Lactobacillus reuteri was named after the German microbiologist Gerhard Reuter and was first recognized as a distinct species of the Lactobacillus genus in 1980. Studies indicate that each animal has a species-specific strain of L. reuteri which has presumably evolved to adapt to its particular host and L. reuteri is a ubiquitous colonizer of the intestine, having been isolated from the gastrointestinal tract of humans and of many animal species including pigs, rats, and even poultry [63-65].
Clinical Evidence
Clinical trials indicate that, like LGG, L. reuteri may be useful for the treatment of acute diarrhea, particularly in children [52]. In one study, 40 children aged 6 to 36 months hospitalized with acute diarrhea were randomized to receive either human-origin L. reuteri or placebo for the length of hospitalization or up to 5 days. Analysis of the stool samples showed an increase of roughly 5 log of L. reuteri after 48 h in the L. reuteri group. The total amount of measurable lactobacilli also increased by 2 logs in the L. reuteri group after 48 h. Levels of total lactobacilli in feces were low in the placebo group, and L. reuteri was not detectable. L. reuteri decreased the duration of watery diarrhea as compared to the placebo-treated group, with watery diarrhea persisting in 26% of the L. reuteri group as compared to 81% in the control group by the second day [66]. Results from another study focused primarily on pediatric rotavirus gastroenteritis were similar, with a decrease in the duration of diarrhea noted in the L. reuteri group as compared to placebo [67].
Basic Science
In an IL-10 deficient animal model of experimental colitis, L. reuteri colonization was shown to attenuate the development of colitis [68]. Its anti-inflammatory properties are likely not limited to effects on the intestinal mucosa, as demonstrated by a study using monocyte-derived macrophages from children with Crohn's disease (both with active disease and in remission). It was found that L. reuteri suppressed TNF-alpha and MCP-1 release from activated cells, leading the authors to suggest that L. reuteri may decrease inflammation by suppressing both monocyte and macrophage chemotaxis and cellular activation. Further mechanistic investigations revealed that, unlike other lactobacilli [23, 69], L. reuteri achieved suppression of TNF-alpha release through the suppression of c-Jun phosphorylation and AP-1 activation rather than through inhibition of NF-kappaB – in fact, NF-kappaB activity appeared to be unaffected [70]. It is interesting to note that, in contrast, the same group did report suppression of TNF-alpha-induced NF-kappaB activation by L. reuteri in a different type of cell (human myeloid cells), which in this case led to increased cellular apoptosis; these effects were mediated at least in part through inhibition of ubiquitination of the inhibitor of NF-kappaB (IkappaB-alpha) and through MAPK signaling [71].

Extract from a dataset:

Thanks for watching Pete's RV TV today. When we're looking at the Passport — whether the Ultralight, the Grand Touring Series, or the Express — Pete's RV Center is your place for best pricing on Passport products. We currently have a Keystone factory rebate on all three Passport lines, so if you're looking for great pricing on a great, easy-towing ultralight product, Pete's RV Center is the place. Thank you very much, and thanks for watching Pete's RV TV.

Under anaerobic growth conditions, Lactobacillus reuteri produces a potent antimicrobial compound called reuterin, which is a β-hydroxypropionaldehyde derivative of glycerol. This compound exerts broad-spectrum antimicrobial activity against multiple pathogenic intestinal bacteria. Several human-derived strains of L. reuteri tested for their ability to inhibit growth of enterohemorrhagic E. coli (EHEC), enterotoxigenic E. coli (ETEC), Salmonella enterica, Shigella sonnei and Vibrio cholerae were all able to inhibit growth of the intestinal pathogens but to varying degrees, indicating some strains are more effective than others [72]. In addition, the antimicrobial capacity of the L. reuteri strains did not always correlate with their level of reuterin production, indicating that other as-yet-unidentified antimicrobial factors may be synthesized by these bacteria.

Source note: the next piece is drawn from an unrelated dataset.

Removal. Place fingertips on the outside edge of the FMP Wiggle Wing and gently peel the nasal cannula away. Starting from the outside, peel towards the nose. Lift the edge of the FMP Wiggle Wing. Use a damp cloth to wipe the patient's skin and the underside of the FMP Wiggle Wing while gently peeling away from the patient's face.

A yeast distantly related to Saccharomyces cerevisiae (Brewer's yeast), Saccharomyces boulardii is one of the few microorganisms commonly used as a probiotic which is not of bacterial origin. It was first described in the 1920's by the microbiologist Henri Boulard, who isolated the yeast from the skins of lychee nuts from his travels in Indochina [73]. The yeast, which now bears his name, is a substrain of Saccharomyces cerevisiae, has an optimal growth temperature of 37° C and survives passage through all levels of the GI tract. It does not permanently colonize the colon, however, and kinetic studies indicate that it disappears within 5 days of discontinuing administration [74].
Clinical Evidence
Several clinical trials of S. boulardii have demonstrated its efficacy in the prevention of antibiotic-associated diarrhea and in treating recurrent Clostridium difficile-associated disease [73, 75, 77-82]. Clostridium difficile-associated disease, or CDAD, is caused by Clostridium difficile, a toxin-producing bacteria which usually results in a diarrheal illness. When severe, CDAD can cause colitis which can be life-threatening and even fatal. A risk factor for acquiring CDAD is antimicrobial use, and CDAD accounts for 15-25% of antibiotic-associated diarrhea [83]. Many people receive treatment for CDAD, experience multiple relapses and never completely clear their infection. S. boulardii has been shown in several studies to provide clinical benefit in ameliorating antibiotic-associated diarrhea as well as to improve the eradication of recurrent C. difficile colitis [78-81]. S. boulardii has been shown to decrease recurrent C. difficile disease, especially when administered in combination with high-dose vancomycin [82]. Some suggest that S. boulardii may decrease CDAD recurrences by up to 50% [84].
Although a promising probiotic candidate for the treatment of AAD and recurrent CDAD, experts recommend that caution be used with this probiotic. There have been several reports of fungemia associated with S. boulardii use, and there is even a report of a hospital outbreak of Saccharomyces boulardii bloodstream infections occurring in three patients who did not actually receive the probiotic, but who shared the same hospital ward as other patients who had received S. boulardii [85]. Therefore, concerns have been raised about the safety of administering this live yeast as a probiotic, especially in the elderly, the very ill and in immunocompromised patient populations [86, 87].
Basic Science
Saccharomyces boulardii has some interesting properties: it adheres well to epithelial cells throughout all levels of the gastrointestinal tract, and it produces a protease which can cleave C. difficile toxins A and B [88, 89]. In addition, S. boulardii administration in rodent models stimulates secretory IgA and induces a specific IgA immune response to C. difficile toxin A [90, 91]. This has particularly important implications for the treatment of CDAD, because evidence suggests that IgA titers are protective against the toxin [92].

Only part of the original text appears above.